• [INFORMATION PROVIDED]:
/---

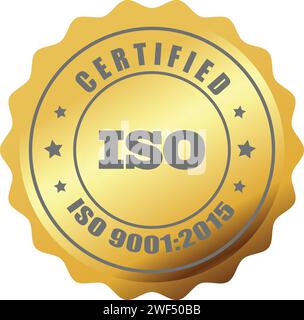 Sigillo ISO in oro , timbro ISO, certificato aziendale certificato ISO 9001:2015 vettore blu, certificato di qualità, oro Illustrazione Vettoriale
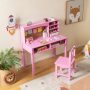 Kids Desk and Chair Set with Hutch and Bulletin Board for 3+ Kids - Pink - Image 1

\---
/---

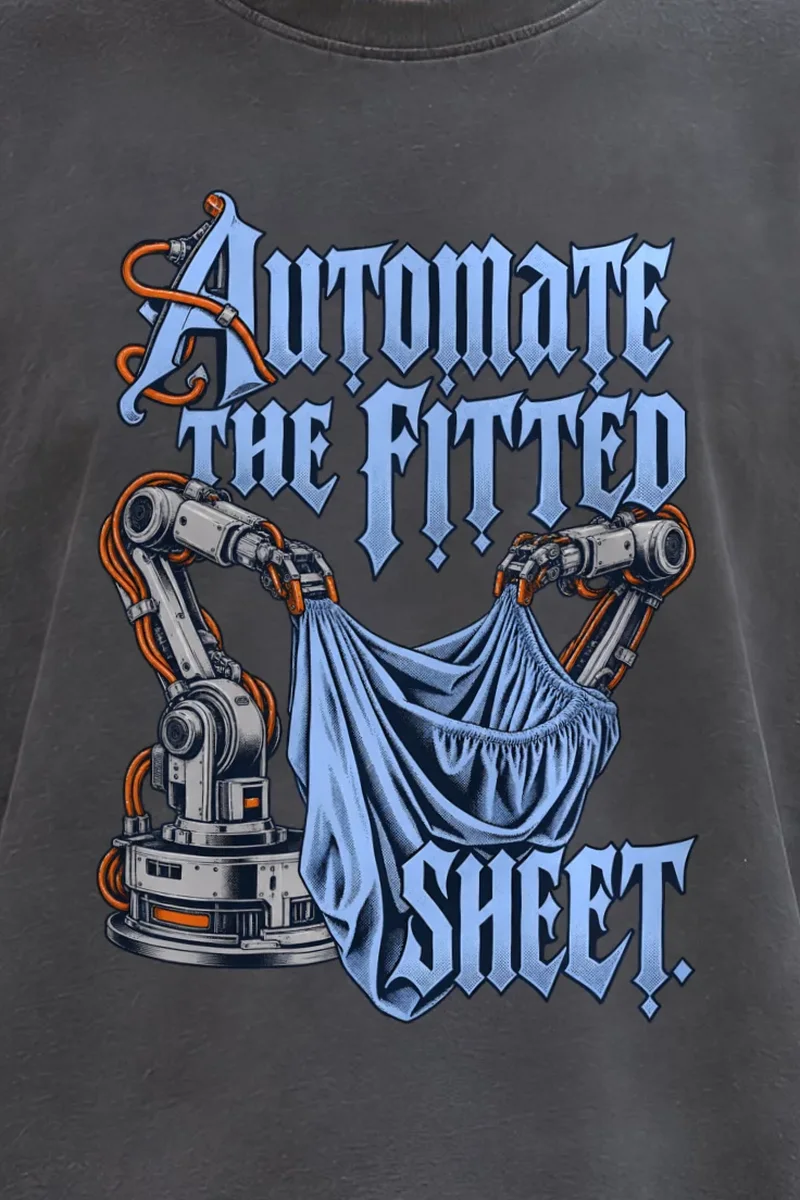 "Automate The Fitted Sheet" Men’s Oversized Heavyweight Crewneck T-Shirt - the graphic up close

\---
/---

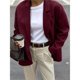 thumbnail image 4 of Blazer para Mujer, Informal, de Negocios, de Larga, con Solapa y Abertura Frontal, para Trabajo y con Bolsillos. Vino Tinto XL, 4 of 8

\---

• [EXERCISE PROMPT]:
Restate word for word the lines of the data above that begin at the line with "Sigillo ISO in" and end at the line with "Kids Desk and", keeping both ends and dropping every picture.

• [ANSWER SECTION]:
 Sigillo ISO in oro , timbro ISO, certificato aziendale certificato ISO 9001:2015 vettore blu, certificato di qualità, oro Illustrazione Vettoriale
 Kids Desk and Chair Set with Hutch and Bulletin Board for 3+ Kids - Pink - Image 1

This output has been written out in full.